The project first surfaced back in February when The New York Times reported on a series of controversies surrounding the project long before it had neared completion.
Back then, The Times compared the project to the NBC Dateline series To Catch a Predator—only targeting war criminals rather than pedophiles.
But as it turns out, Chris Hansen, NBC’s To Catch a Predator correspondent, is not involved in the new project—which is the brainchild of documentary filmmaker Charlie Ebersol (son of NBC sports chief Dick Ebersol and boyfriend of tennis star Maria Sharapova).
Today, NBC announced that the series, titled The Wanted, will begin airing at 10 p.m. on Monday, July 20. According to NBC’s press release, rather than featuring a typical correspondent or anchor, the series will employ the services of “an elite team with backgrounds in intelligence, unconventional warfare and investigative journalism” and will focus “on real operators, in search of real targets—all in an effort to see individuals brought to justice.”
“The faces of The Wanted include Roger Carstens, who is recognized as one of the world’s preeminent authorities on counter-terrorism and counter-insurgency,” reads the press release. “Former Navy Seal Scott Tyler, an expert in urban reconnaissance and unconventional warfare; David Crane, a decorated former US intelligence official and the first American to serve as Chief Prosecutor of an international war crimes tribunal since Justice Robert Jackson at Nuremberg; and Emmy award-winning investigative journalist Adam Ciralsky.”

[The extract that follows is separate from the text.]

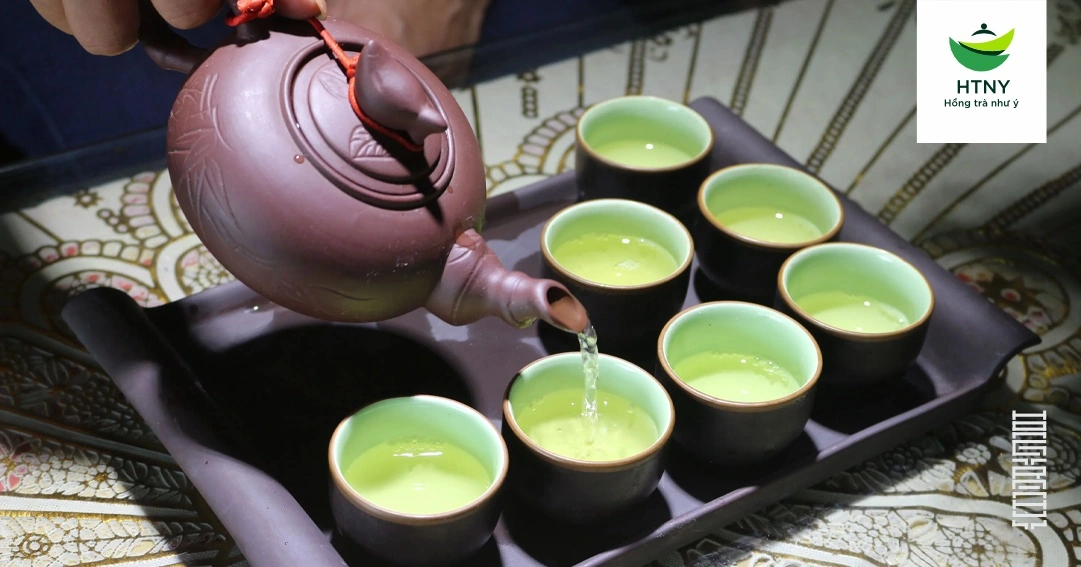 uống lá trà xanh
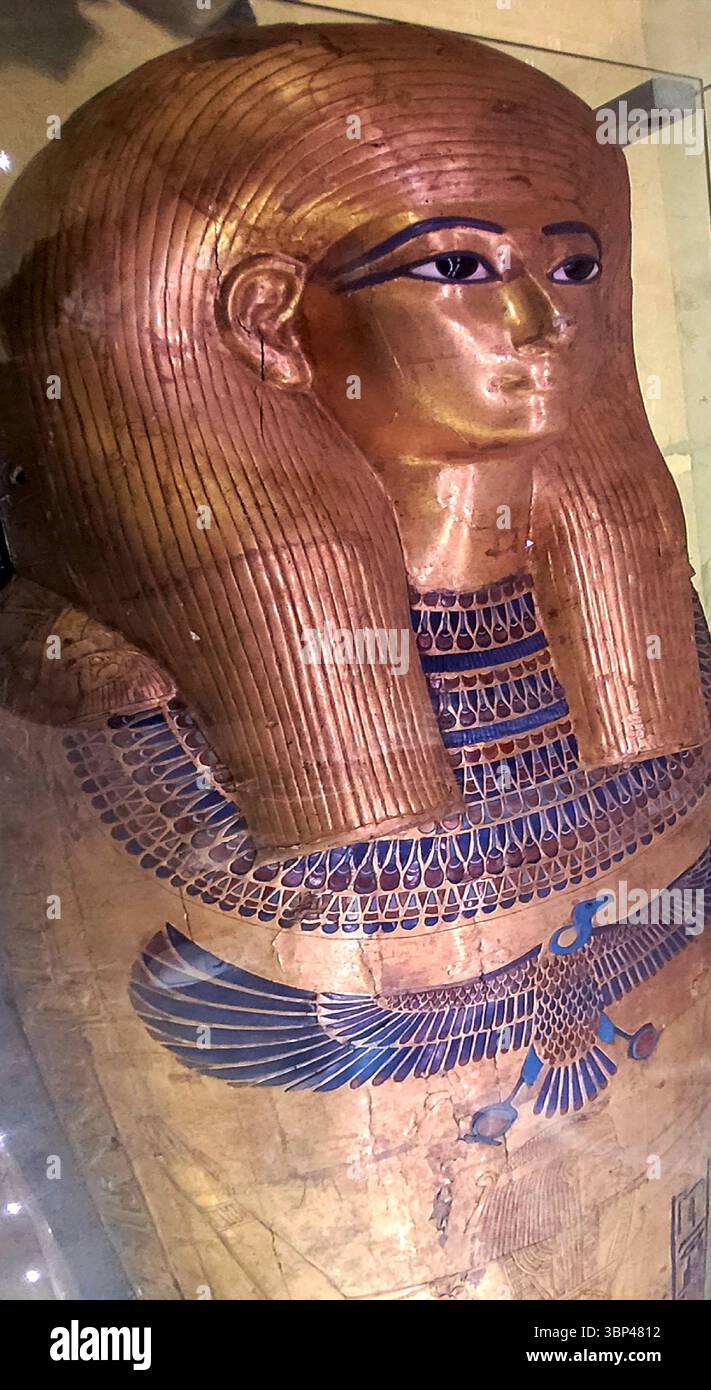 Ein Foto von Yuyas Sarkophag. Yuya (manchmal auch Iouiya oder Yuaa) war ein mächtiger ägyptischer Höfling während der achtzehnten Dynastie Ägyptens (um 1390 v. Chr.). Er war mit Thuya verheiratet, einer ägyptischen Adligen, die mit der königlichen Familie verbunden war und hohe Ämter in der Regierungs- und Religionshierarchie innehatte. Ihre Tochter, Tiye, wurde die große königliche Ehefrau von Amenhotep III. Um 1390 v. Chr.. Stockfoto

The first episode, according to the release, will focus on Mullah Krekar, “the founder and leader of Ansar Al Islam, an internationally designated terrorist organization that has been accused of killing hundreds of Americans and other Westerners.”
The second episode, airing on July 27, according to NBC, will focus on the pursuit of Mamoun Darkazanli, a.k.a. “Bin Laden’s financier.”
There is no mention in the release of Leopold Munyakazi, a visiting professor at Goucher College in Towson, Md.,who was at the center of February’s controversy.
Presumably, NBC News is no longer working with Rwandan prosecutors to possibly arrest Mr. Munyakazi.
To judge by the release, The Wanted is like a nonfiction version of The A-Team meets The Hunting Party. And something tells us that it is not going to sit well with anyone worried about the blurring of the lines between entertainment and news, and journalists and law enforcement.